You should pursue hybrid power when the site has meaningful daytime load, frequent short outages, high fuel or service costs, sustainability targets, or compliance pressure. Hybrid is also compelling when the organization operates multiple similar sites and can standardize procurement, maintenance, and controls. In these cases, the combination of solar, battery, and generator usually provides the best long-term balance of resilience and TCO.

Hybrid also makes sense when customer perception matters. If your buyers expect green data center practices, the architecture can become part of your commercial differentiation. This matters especially for edge providers competing on reliability, efficiency, and brand trust. In a market where digital infrastructure is expanding rapidly, operators with visible sustainability action may have a stronger story to tell.

Stay conventional when...

A conventional generator-first design may be preferable when the site has very low outage exposure, no viable renewable footprint, tight capex, or a short expected service life. It can also be the right answer when the site is temporary, highly constrained, or scheduled for relocation. In these cases, simplicity may be worth more than marginal emissions savings. The purpose of a decision framework is not to force hybrid everywhere; it is to deploy hybrid where it is genuinely advantageous.

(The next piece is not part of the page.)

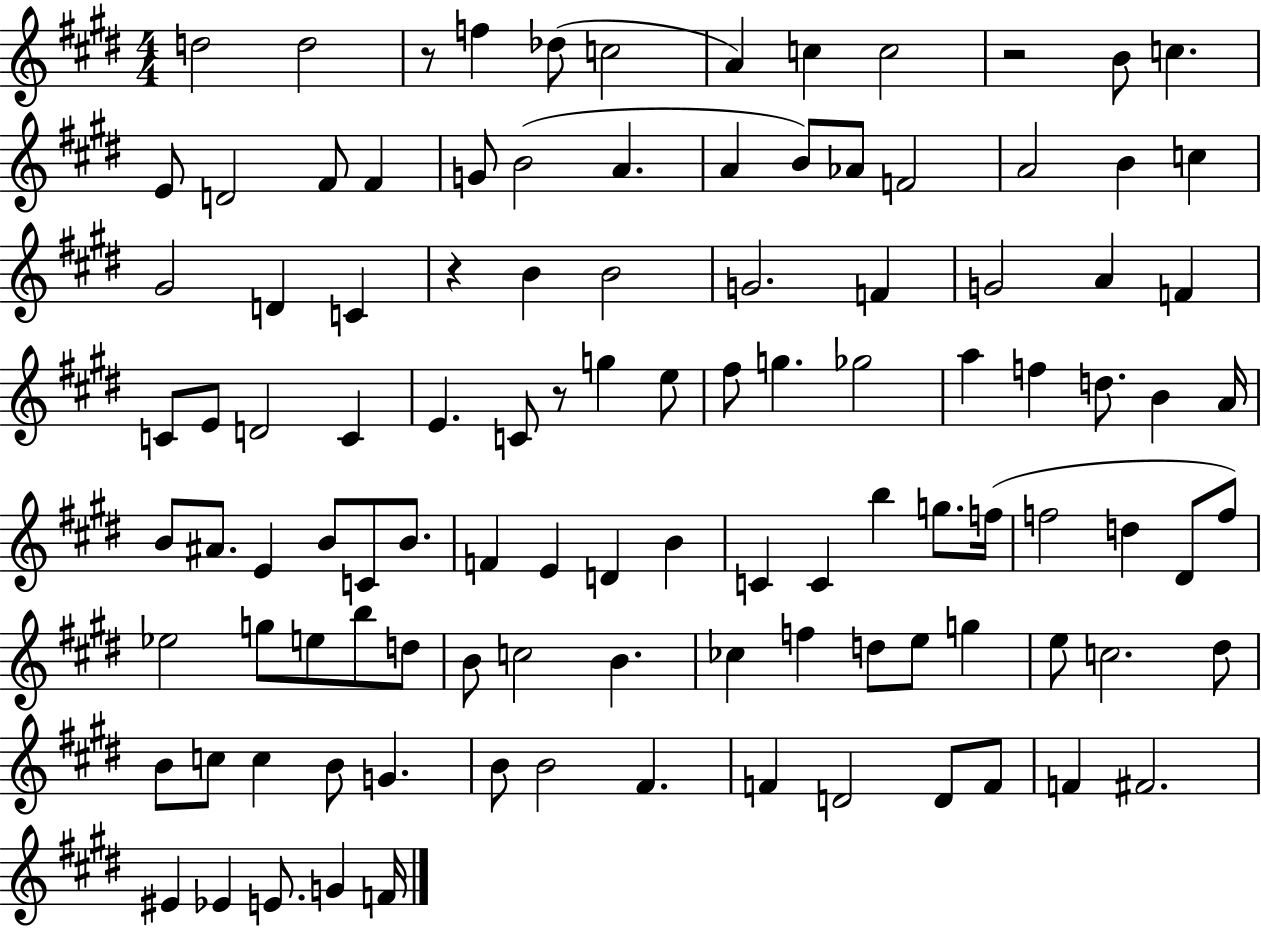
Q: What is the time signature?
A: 4/4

If you are unsure, perform a pilot on one site before scaling. Real-world performance often differs from the spreadsheet, especially around local weather, utility behavior, and operator discipline. That cautious sequencing is similar to how teams validate new operational tools before expanding them. For a broader planning mindset, see the future of work and ergonomic setup decisions, where incremental adoption reduces risk.

Use the decision scorecard

Score each candidate site on five factors: outage risk, load criticality, solar suitability, emissions pressure, and maintenance capacity. If a site scores high on three or more, hybrid power is usually worth serious consideration. If it scores low on all five, a simpler architecture is likely the better choice. This framework keeps discussions focused on evidence rather than ideology.

It also creates a common language for facilities, finance, and sustainability teams. That shared vocabulary is often the missing ingredient in infrastructure planning. Without it, each department optimizes a different objective and the project stalls. With it, you can make a clear, auditable decision.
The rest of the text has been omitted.